Dining locations on WKU’s campus have changed due to construction, but there’s one thing the WKU Restaurant and Catering Group didn’t want to change this year.
Last April, the decision to not raise meal plan prices for this school year was made during contract negotiations with Aramark, Gary Meszaros, assistant vice president for Auxiliary Services, said.
“We didn’t want to cause other issues for students by raising meal plan prices,“ he said.
Residential meal plan prices range from $1,071 for 10 meals a week and 25 meal plan dollars to $1,575 for 21 meals a week and 100 meal plan dollars, according to the WKU Restaurant Catering Group website.
The benefits of purchasing a meal plan include price value, convenience, and accessibility to venues, Tim Colley, director of Dining Services, said.
Danville junior Kelly Colwell said that because she has no car, accessibility to campus dining venues are important to her.
“Trying to get to a store to buy food would be a lot harder for me,” she said.
Colwell also enjoys her meal plan because of the ability to budget her food for each week. She has a 19 meal per week plan that allows her to plan what meals and extras she will get with her meal plan.
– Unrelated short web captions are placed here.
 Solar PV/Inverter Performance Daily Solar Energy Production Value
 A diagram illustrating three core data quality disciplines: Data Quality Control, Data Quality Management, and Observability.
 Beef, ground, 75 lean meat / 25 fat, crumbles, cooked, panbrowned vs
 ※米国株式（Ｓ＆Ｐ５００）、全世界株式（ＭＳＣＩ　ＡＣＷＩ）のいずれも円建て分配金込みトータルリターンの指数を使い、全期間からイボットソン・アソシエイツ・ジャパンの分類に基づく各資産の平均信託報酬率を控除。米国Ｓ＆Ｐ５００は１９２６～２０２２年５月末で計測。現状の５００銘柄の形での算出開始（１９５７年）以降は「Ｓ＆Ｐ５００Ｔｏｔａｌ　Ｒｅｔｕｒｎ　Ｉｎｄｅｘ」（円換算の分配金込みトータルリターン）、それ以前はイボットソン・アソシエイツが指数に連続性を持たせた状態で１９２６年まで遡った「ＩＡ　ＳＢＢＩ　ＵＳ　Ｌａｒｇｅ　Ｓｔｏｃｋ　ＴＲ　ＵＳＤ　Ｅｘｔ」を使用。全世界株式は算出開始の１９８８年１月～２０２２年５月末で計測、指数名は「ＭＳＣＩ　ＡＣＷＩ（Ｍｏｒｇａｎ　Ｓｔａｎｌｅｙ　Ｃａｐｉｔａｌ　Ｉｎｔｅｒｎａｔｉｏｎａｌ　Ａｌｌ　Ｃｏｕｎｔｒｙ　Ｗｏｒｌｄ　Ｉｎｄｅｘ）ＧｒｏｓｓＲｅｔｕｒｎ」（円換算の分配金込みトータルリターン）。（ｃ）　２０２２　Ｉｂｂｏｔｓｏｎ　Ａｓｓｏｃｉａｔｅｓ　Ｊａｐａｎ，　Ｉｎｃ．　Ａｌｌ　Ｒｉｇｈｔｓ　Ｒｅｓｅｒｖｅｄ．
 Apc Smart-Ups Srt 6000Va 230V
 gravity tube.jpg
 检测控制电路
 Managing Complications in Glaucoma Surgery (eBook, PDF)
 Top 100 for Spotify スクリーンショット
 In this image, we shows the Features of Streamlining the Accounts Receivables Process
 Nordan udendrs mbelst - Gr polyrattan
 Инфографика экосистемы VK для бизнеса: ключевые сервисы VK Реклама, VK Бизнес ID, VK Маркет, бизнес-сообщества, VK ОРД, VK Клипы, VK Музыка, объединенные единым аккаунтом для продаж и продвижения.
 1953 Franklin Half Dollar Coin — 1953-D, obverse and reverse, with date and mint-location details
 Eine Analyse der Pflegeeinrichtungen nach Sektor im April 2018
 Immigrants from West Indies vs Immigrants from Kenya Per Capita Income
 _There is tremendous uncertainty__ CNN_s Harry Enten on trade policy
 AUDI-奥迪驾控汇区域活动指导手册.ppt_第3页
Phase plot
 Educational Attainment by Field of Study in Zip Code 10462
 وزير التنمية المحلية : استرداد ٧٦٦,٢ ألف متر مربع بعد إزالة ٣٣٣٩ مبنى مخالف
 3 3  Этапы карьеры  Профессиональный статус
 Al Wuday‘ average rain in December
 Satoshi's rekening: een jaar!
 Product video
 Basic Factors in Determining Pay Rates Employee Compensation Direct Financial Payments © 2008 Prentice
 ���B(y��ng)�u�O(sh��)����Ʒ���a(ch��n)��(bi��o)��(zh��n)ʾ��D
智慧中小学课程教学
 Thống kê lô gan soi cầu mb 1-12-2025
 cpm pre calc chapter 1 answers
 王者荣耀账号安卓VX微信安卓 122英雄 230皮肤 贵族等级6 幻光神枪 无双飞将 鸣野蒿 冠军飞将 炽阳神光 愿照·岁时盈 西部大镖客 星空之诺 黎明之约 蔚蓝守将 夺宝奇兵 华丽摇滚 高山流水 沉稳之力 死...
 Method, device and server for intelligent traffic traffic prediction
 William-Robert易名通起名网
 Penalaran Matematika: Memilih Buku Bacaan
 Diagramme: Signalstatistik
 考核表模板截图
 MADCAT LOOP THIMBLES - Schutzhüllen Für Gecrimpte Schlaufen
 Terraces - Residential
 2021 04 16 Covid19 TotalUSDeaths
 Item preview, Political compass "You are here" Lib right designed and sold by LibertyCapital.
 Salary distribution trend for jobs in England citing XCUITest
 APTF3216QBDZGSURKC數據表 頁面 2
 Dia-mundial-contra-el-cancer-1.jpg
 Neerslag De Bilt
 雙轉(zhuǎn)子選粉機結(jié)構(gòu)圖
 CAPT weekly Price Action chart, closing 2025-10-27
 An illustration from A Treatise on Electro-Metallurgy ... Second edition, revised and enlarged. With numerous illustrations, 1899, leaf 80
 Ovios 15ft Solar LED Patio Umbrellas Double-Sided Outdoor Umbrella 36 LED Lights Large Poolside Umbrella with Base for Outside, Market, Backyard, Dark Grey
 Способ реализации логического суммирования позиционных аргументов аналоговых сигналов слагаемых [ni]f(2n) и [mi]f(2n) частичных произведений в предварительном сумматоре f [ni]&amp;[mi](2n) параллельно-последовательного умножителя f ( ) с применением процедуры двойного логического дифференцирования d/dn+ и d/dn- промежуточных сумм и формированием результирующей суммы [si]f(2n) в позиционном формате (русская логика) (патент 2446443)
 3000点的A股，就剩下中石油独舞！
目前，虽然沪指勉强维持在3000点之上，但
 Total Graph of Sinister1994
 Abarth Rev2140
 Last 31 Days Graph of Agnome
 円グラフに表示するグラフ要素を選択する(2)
“I really am not good at budgeting money, so I love the fact that it changes, like every week you get a new set,” she said. “Every week I have that budget of meal plans I can use for getting coffee or getting ice cream if I wanted or going to eat.”
The healthy food options students can get with their meal plans are a reason why Radcliff freshman Amber Segundo purchased a meal plan.
“Everything in my room’s not healthy,” she said.
Segundo also said that she’s been able to meet a lot of new people by eating in the on a campus dining halls.
Colley also said that students are automatically re-enrolled in the same meal plan for the spring semester, but can make changes during the first three weeks of the semester.